>>>

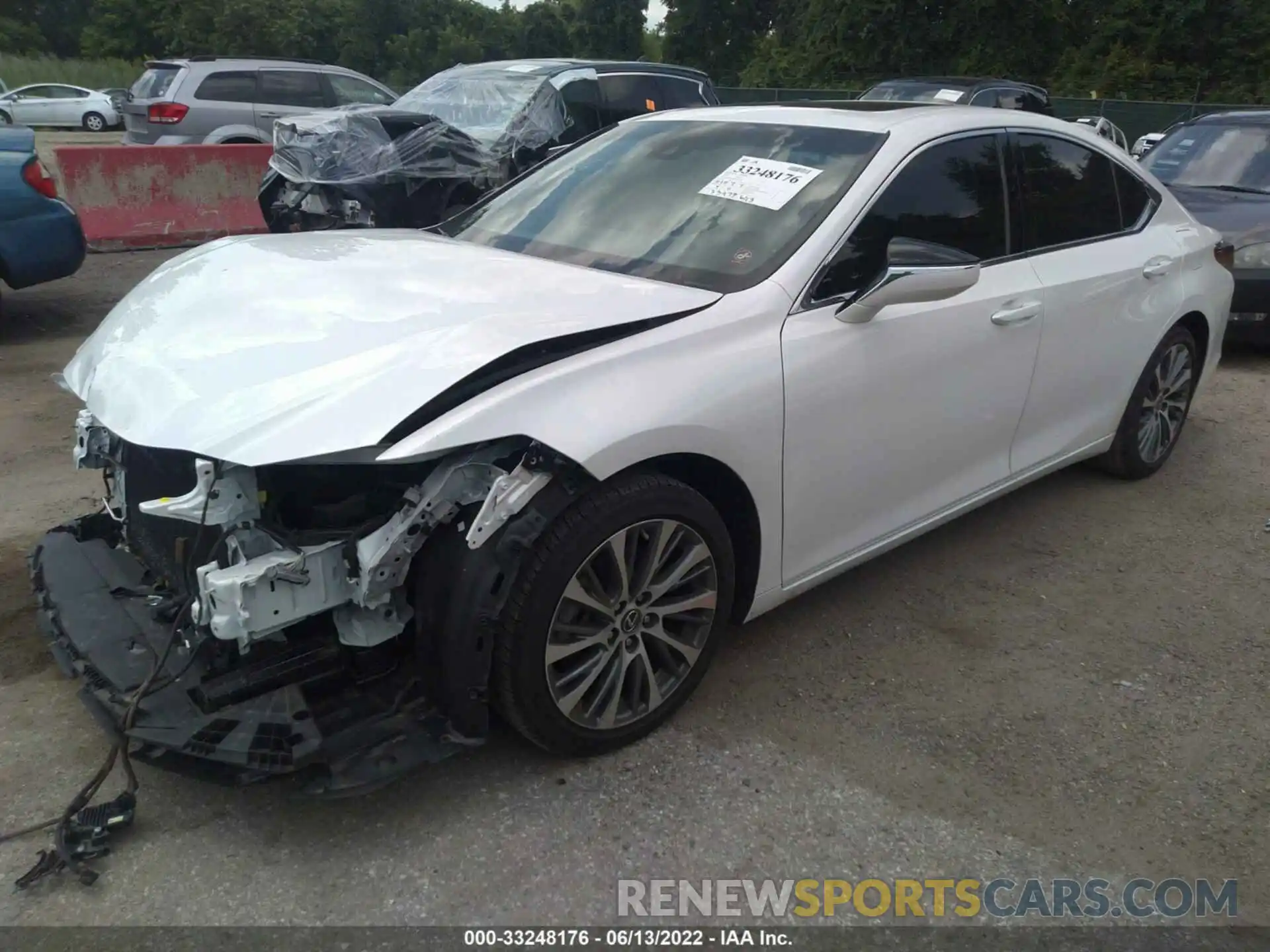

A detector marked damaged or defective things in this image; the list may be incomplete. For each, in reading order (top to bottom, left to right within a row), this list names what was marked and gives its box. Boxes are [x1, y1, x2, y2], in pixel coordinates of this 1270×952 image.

damaged silver car wrapped in plastic [263, 61, 572, 233]
plastic wrap on wrecked car [271, 71, 572, 186]
crumpled hood [64, 232, 721, 469]
detached bumper cover [30, 518, 472, 792]
missing headlight opening [34, 416, 573, 807]
damaged front end of white car [34, 413, 579, 792]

<<<

The task:
Where a record above contains a picture, leave the picture out and transcribe everything else exactly.

Result of the exercise:
A detector marked damaged or defective things in this image; the list may be incomplete. For each, in reading order (top to bottom, left to right within a row), this list names what was marked and gives its box. Boxes are [x1, y1, x2, y2], in pixel coordinates of this 1270×952 image.

damaged silver car wrapped in plastic [263, 61, 572, 233]
plastic wrap on wrecked car [271, 71, 572, 186]
crumpled hood [64, 232, 721, 469]
detached bumper cover [30, 518, 472, 792]
missing headlight opening [34, 416, 573, 807]
damaged front end of white car [34, 413, 579, 792]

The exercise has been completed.